3.3 It is empowered under applicable laws and by its Articles of Incorporation
and By-laws to enter into and perform this Agreement.
3.4 All requisite corporate proceedings have been taken to authorize it to
enter into and perform this Agreement.
3.5 It has and will continue to have access to the necessary facilities,
equipment and personnel to perform its duties and obligations under this
Agreement in accordance with industry standards.
3.6 It will provide the Fund with all information necessary to complete its
filing requirements in a timely fashion.
4. REPRESENTATIONS AND WARRANTIES OF THE FUND
The Fund represents and warrants to ALPS that:
4.1 It is an open-end investment company duly organized and existing under the
laws of the state of Maryland.
4.2 It is empowered under applicable laws and by its Articles of Incorporation
and By-laws to enter into and perform this Agreement.

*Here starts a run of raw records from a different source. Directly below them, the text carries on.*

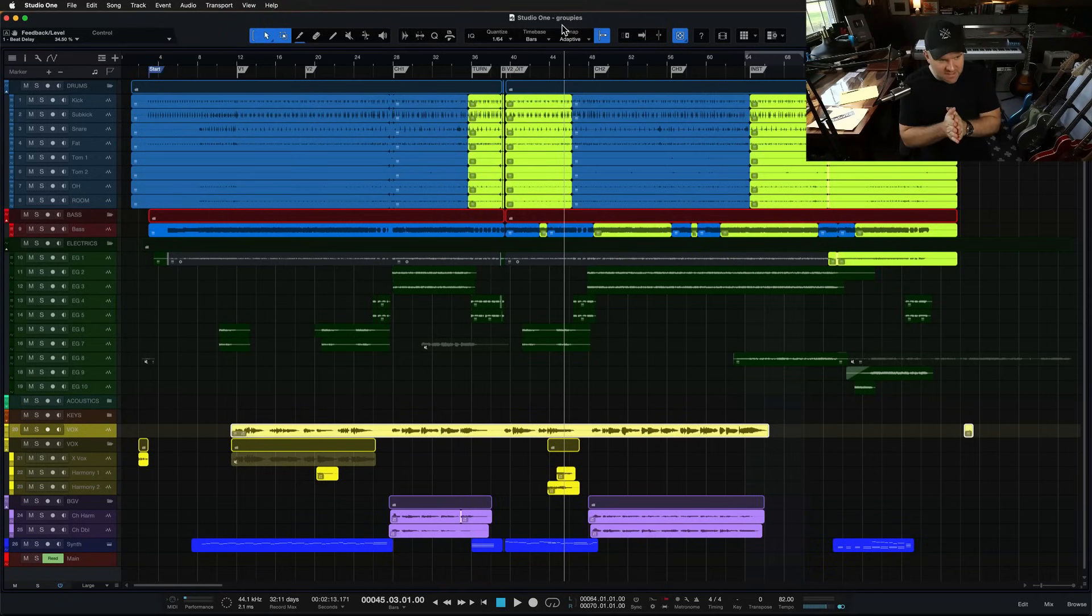Hey, Joe Gilder here. In this video, I want to show you three ways to group tracks in Studio One if you want to do any bulk editing or really any other kind of process. Let's dive in.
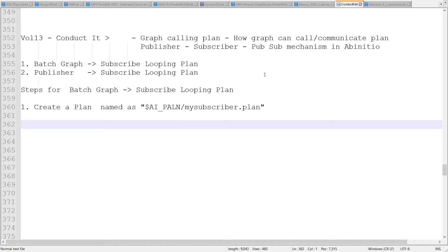First we are going to see the technicalities with respect to the subscribe looping plan — how it can subscribe to the content received from another graph, and also how a plan graph can publish data to the plan. This is a pub/sub mechanism: the publisher graph is a publisher and the plan is a subscriber to the data. After discussing the technicalities and how we configure these objects using our Ab Initio library, we'll see the different use cases it can solve with respect to the continuous graph — how to read data from the queue and how this pub/sub mechanism can be applied.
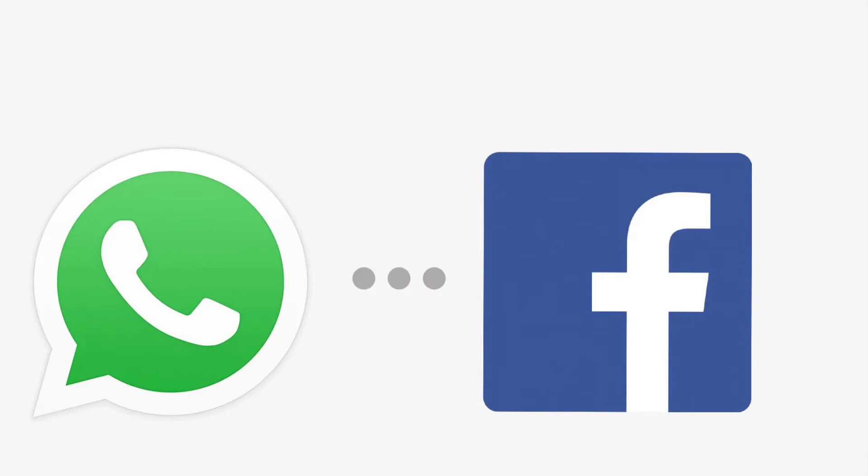And time for the big question: what information does WhatsApp share with Facebook? Basically everything. WhatsApp is sharing to Facebook. Other companies related to Facebook such as Instagram also have access to the information. This is literally used to make ads for you.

4.3 The Board of Directors has duly authorized it to enter into and perform
this Agreement.
4
5. WIRE TRANSFER OPERATING GUIDELINES/ARTICLES 4A OF THE UNIFORM COMMERCIAL
CODE
5.1 ALPS and the Fund agree upon the security procedures for fund's transfer
and account maintenance that are listed in Appendices C and D attached
hereto and incorporated herein by this reference (the "Security
Procedures"). Upon the receipt of a payment order in compliance with such
Security Procedures, ALPS is authorized to promptly debit the appropriate
account(s) chosen for funds transfer and in the amount of money that ALPS
has been instructed to transfer. ALPS shall execute payment orders in
compliance with the Security Procedures and with the Fund's instructions on
the date received, provided that such payment order is received by the
customary deadline for processing such a request, which is 4:00 p.m.
Eastern time subject to the terms of the Fund's current prospectus, unless
the payment order specifies a later time. All payment orders and
communications received after the customary deadline will be deemed to have
been received the next business day.
5.2 ALPS shall process all payment orders to the account number indicated in
the payment order. In the event of a discrepancy between any name indicated
on the payment order and the account number, the account number shall take
precedence and govern.
5.3 ALPS reserves the right to decline to process or delay the processing of a
payment order (a) which is in excess of the collected balance in the
account to be charged at the time of ALPS' receipt of such payment order;
or (b) if ALPS, in good faith, is unable to determine that the transaction
has been properly authorized.
5.4 ALPS shall use reasonable efforts to act on all authorized requests,
received after the customary deadline, to cancel or amend payment orders
received in compliance with the Security Procedures, provided that such
requests are received in a timely manner affording ALPS reasonable
opportunity to act. However, ALPS assumes no liability if the request for
amendment or cancellation cannot be satisfied, as long as ALPS has acted
reasonably.
5.5 ALPS shall not be liable for failure to detect any erroneous payment order,
provided that ALPS complies with the Security Procedures and with the
payment order instructions as received.
5.6 When the Fund initiates or receives Automated Clearing House ("ACH") credit
and debit entries pursuant to the guidelines and the rules of the National
Automated Clearing House Association, ALPS or its bank will act as an
Originating Depository Financial Institution and/or receiving depository
Financial Institution, as the case may be, with respect to such entries.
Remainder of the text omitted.